Les gouvernements précédents ne se sont pas emparés de ce dossier. Certains qualifiaient cet enjeu de marginal. Comment analysez-vous cela ?
Je me garderai bien de qualifier ce phénomène et d’y apposer un adjectif. Ce que je veux précisément faire, c’est objectiver la situation. Tel est le but du monitoring confié au service général de l’inspection : aboutir sur une photographie claire.
Les retours qui remontent du terrain sont-ils bruxellois ?
Non, ils concernent aussi la Wallonie.
Sont-ils majoritairement liés à la radicalisation islamiste ?

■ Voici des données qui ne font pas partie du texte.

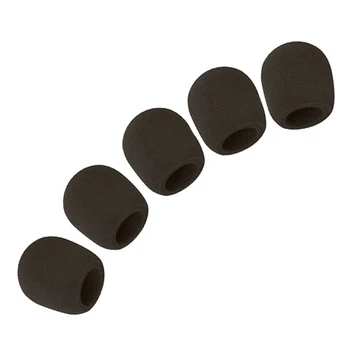 Чехол для микрофона с шариковой губкой из пенопласта (комплект из 5 штук, черный)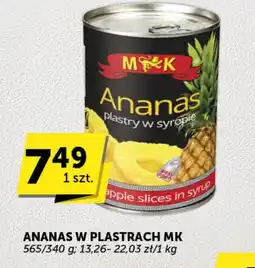 ABC Ananas w plastrach MK oferta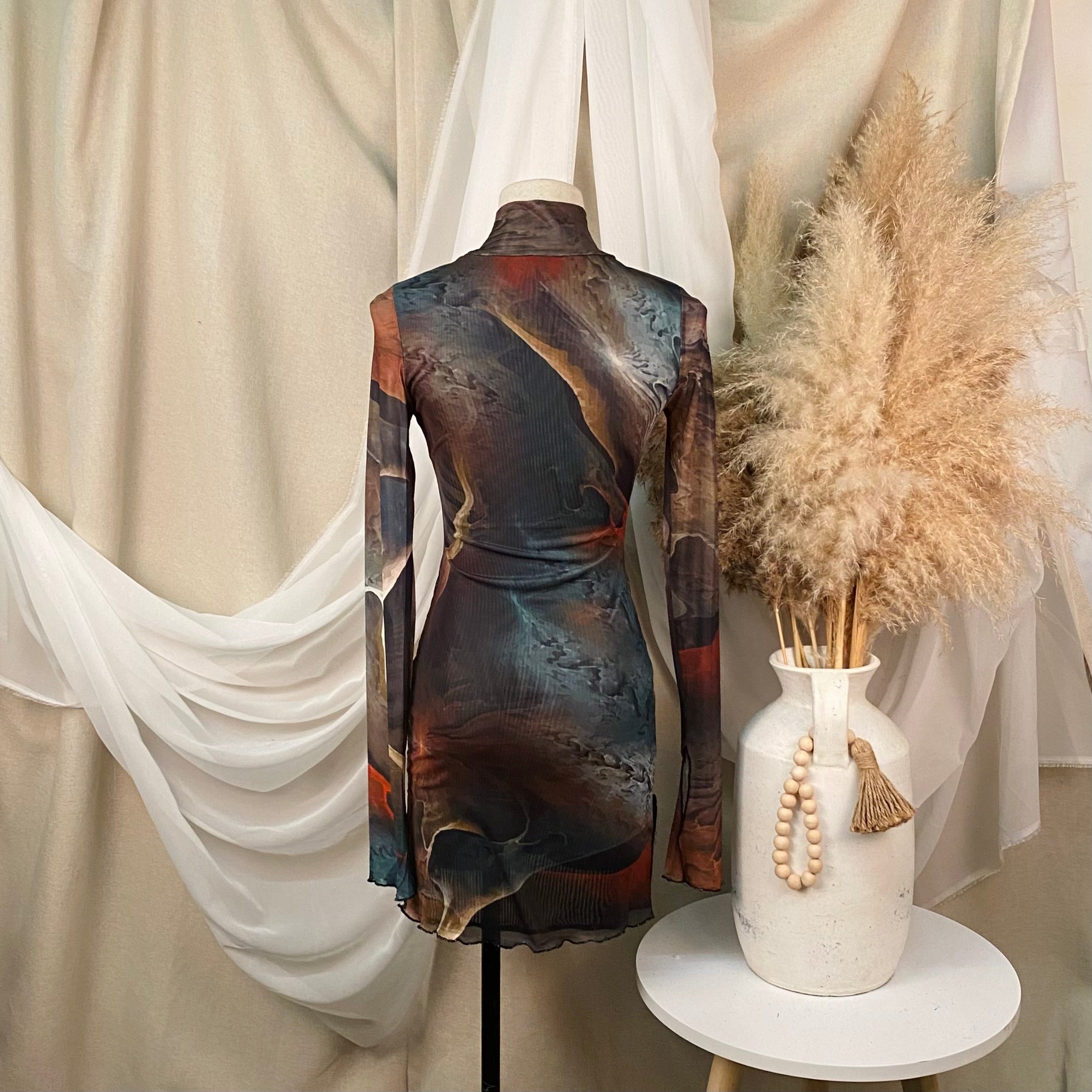Emiliana Dress (Brown)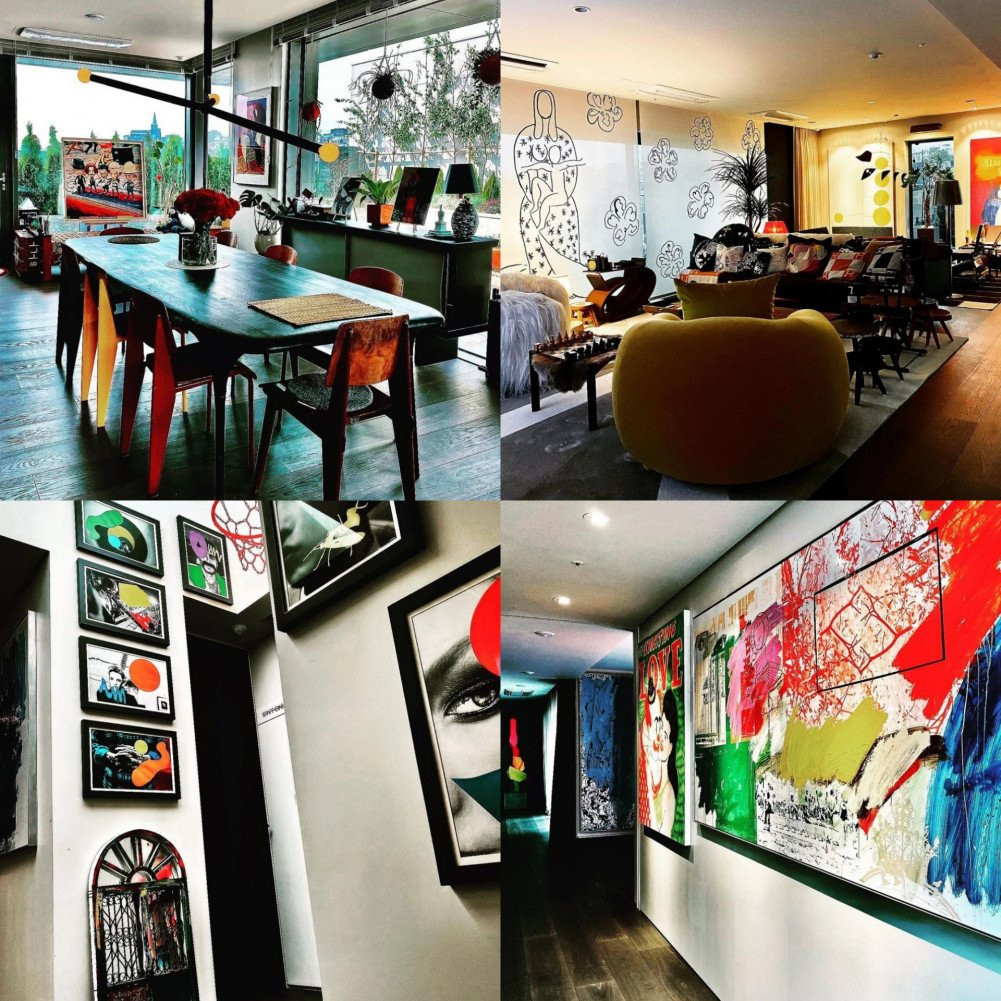 GD trưng bày các tác phẩm trong nhà như một bảo tàng nghệ thuật đương đại.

C’est une réalité que l’on ne peut pas nier, mais nous avons constaté aussi des faits de radicalisations complotistes qui peuvent inciter au repli et à des actes violents. Par ailleurs, ce qui ressort de notre enquête réalisée auprès des enseignants, c’est l’enjeu qui s’articule autour du respect dû à l’enseignant. On a l’impression que la relation entre le monde de l’école et le reste de la société se délite un peu, ce qui participe à la pénurie des enseignants. En ce sens, nous devons travailler sur le partenariat entre l’école et les parents. Cette collaboration permettra dailleurs de lutter contre le décrochage d’un enfant.
En France, la loi interdit à tous les élèves de porter des signes religieux. Ce n’est pas le cas en Belgique : cette interdiction est laissée à l’appréciation des directions. Et cela peut engendrer une concurrence entre les établissements. Souhaitez-vous établir une règle claire et unique pour toutes les écoles ?
Je veux simplement rappeler la phrase inscrite dans la Déclaration de politique communautaire : “le gouvernement interdira par décret le port de signes convictionnels à tous les enseignants de l’enseignement obligatoire du réseau officiel, à l’exception des professeurs de religion”.
C’est un enjeu qui vous est remonté à travers les témoignages ? La place visible du religieux dans les salles des profs peut être compliquée à gérer ?
Oui, il y a chez certains une espèce de sidération: celle de ne pas savoir comment réagir, et donc d’être un peu désarmés par rapport à cet enjeu. [NdlR: il n’existe pas de statistiques sur le port du voile par les enseignants]
Et pour le port de signes convictionnels par les élèves ?
Je vais me tenir à ce qui est déjà inscrit dans la Déclaration. Nous analyserons à l’avenir s’il y a des problèmes majeurs en lien le port de signes convictionnels. Je rappelle aussi que mon objectif est de lutter contre les extrémismes violents qui ne sont pas uniquement religieux.
Face à ces enjeux, souhaitez-vous renforcer le cours de philosophie et citoyenneté dans l’enseignement officiel, quitte à supprimer des horaires obligatoires les cours de religions ?
Le cours de philosophie et de citoyenneté est fondamental pour apprendre à décoder les discours identitaires, la désinformation, les replis sur soi, pour renforcer son esprit critique. Ce n’est pas l’alpha et l’oméga, bien sûr, mais c’est un cours qui répond aux missions importantes de l’enseignement.
Vous n’ouvrez donc pas une nouvelle réflexion sur l’avenir des cours de religion dans l’enseignement officiel ?
Dans le cadre de la Déclaration de politique communautaire, on ira aussi loin que possible pour développer le cours de philosophie et de citoyenneté.